▶ **THE DATA**:
==================================================

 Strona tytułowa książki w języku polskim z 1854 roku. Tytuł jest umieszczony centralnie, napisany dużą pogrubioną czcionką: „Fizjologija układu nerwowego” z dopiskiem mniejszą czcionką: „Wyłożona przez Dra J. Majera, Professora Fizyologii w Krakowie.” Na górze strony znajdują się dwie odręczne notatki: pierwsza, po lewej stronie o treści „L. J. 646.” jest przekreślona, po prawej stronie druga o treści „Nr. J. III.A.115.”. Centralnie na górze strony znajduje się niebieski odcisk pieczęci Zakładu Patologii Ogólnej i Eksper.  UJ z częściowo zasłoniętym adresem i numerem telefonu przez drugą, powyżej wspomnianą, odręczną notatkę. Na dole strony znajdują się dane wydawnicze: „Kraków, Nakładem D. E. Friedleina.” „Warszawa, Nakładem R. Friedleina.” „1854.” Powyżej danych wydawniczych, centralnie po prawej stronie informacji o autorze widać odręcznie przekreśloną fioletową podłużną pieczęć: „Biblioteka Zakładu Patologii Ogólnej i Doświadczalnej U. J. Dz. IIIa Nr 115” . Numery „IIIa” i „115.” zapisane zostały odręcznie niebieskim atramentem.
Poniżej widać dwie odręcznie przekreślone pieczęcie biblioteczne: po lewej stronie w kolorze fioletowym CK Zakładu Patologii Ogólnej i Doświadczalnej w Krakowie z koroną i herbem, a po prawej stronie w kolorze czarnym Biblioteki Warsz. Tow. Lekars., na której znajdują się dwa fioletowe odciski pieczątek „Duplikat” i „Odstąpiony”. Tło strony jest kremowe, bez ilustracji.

==================================================

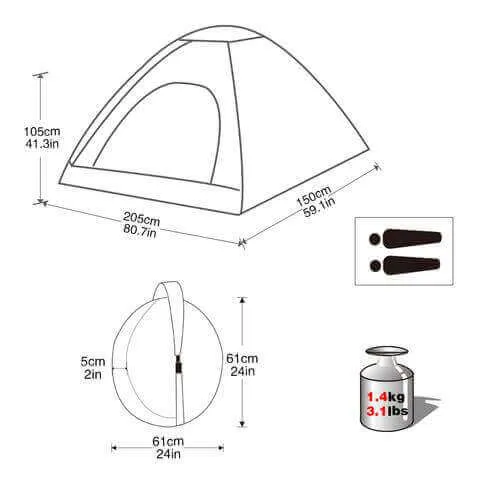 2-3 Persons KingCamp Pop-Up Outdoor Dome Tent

==================================================

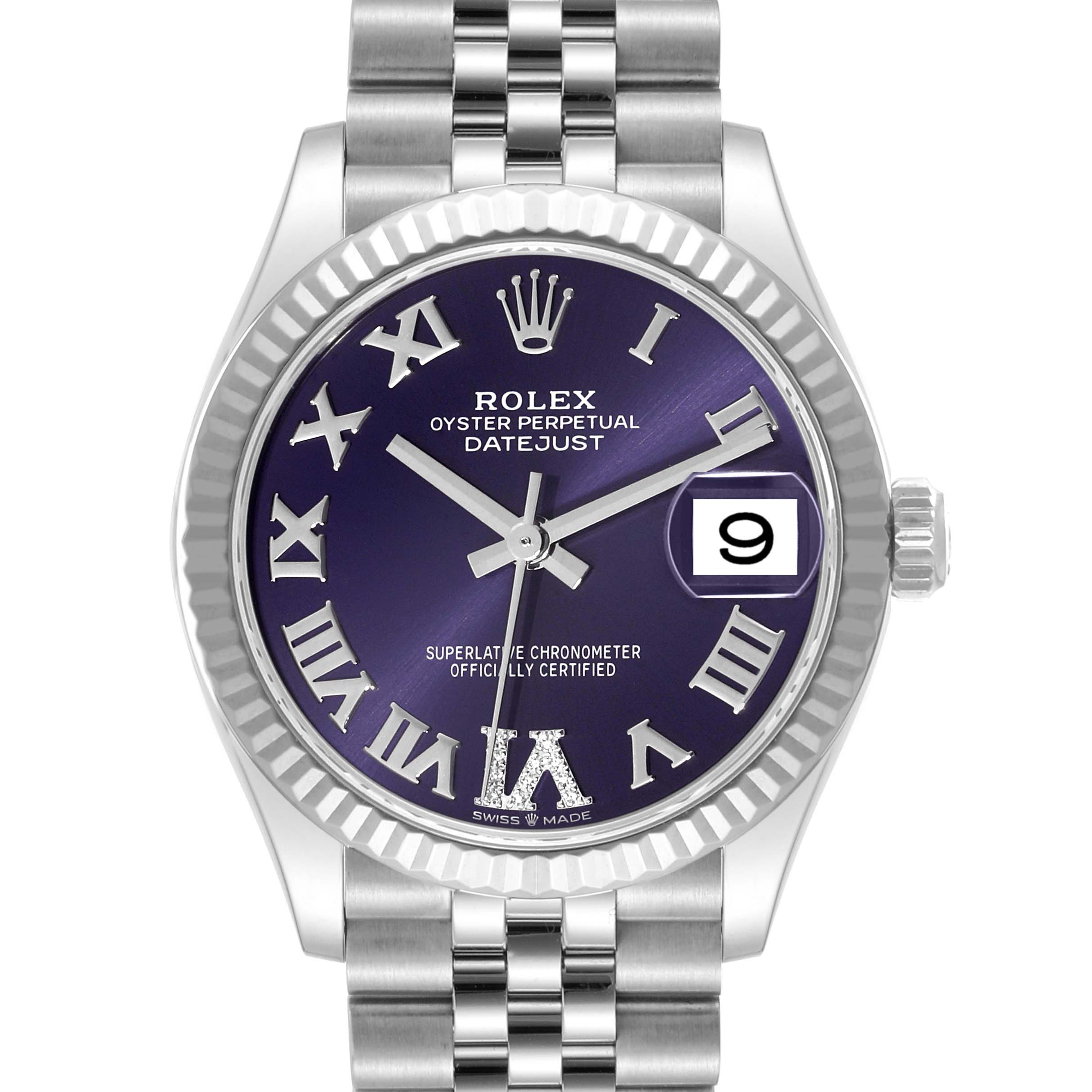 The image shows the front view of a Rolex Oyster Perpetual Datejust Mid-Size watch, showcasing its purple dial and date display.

==================================================

▶ **EXERCISE BRIEF**: Each line of the records with the word "prawej" in it is to be copied.

▶ **YOUR RESPONSE**:
 Strona tytułowa książki w języku polskim z 1854 roku. Tytuł jest umieszczony centralnie, napisany dużą pogrubioną czcionką: „Fizjologija układu nerwowego” z dopiskiem mniejszą czcionką: „Wyłożona przez Dra J. Majera, Professora Fizyologii w Krakowie.” Na górze strony znajdują się dwie odręczne notatki: pierwsza, po lewej stronie o treści „L. J. 646.” jest przekreślona, po prawej stronie druga o treści „Nr. J. III.A.115.”. Centralnie na górze strony znajduje się niebieski odcisk pieczęci Zakładu Patologii Ogólnej i Eksper.  UJ z częściowo zasłoniętym adresem i numerem telefonu przez drugą, powyżej wspomnianą, odręczną notatkę. Na dole strony znajdują się dane wydawnicze: „Kraków, Nakładem D. E. Friedleina.” „Warszawa, Nakładem R. Friedleina.” „1854.” Powyżej danych wydawniczych, centralnie po prawej stronie informacji o autorze widać odręcznie przekreśloną fioletową podłużną pieczęć: „Biblioteka Zakładu Patologii Ogólnej i Doświadczalnej U. J. Dz. IIIa Nr 115” . Numery „IIIa” i „115.” zapisane zostały odręcznie niebieskim atramentem.
Poniżej widać dwie odręcznie przekreślone pieczęcie biblioteczne: po lewej stronie w kolorze fioletowym CK Zakładu Patologii Ogólnej i Doświadczalnej w Krakowie z koroną i herbem, a po prawej stronie w kolorze czarnym Biblioteki Warsz. Tow. Lekars., na której znajdują się dwa fioletowe odciski pieczątek „Duplikat” i „Odstąpiony”. Tło strony jest kremowe, bez ilustracji.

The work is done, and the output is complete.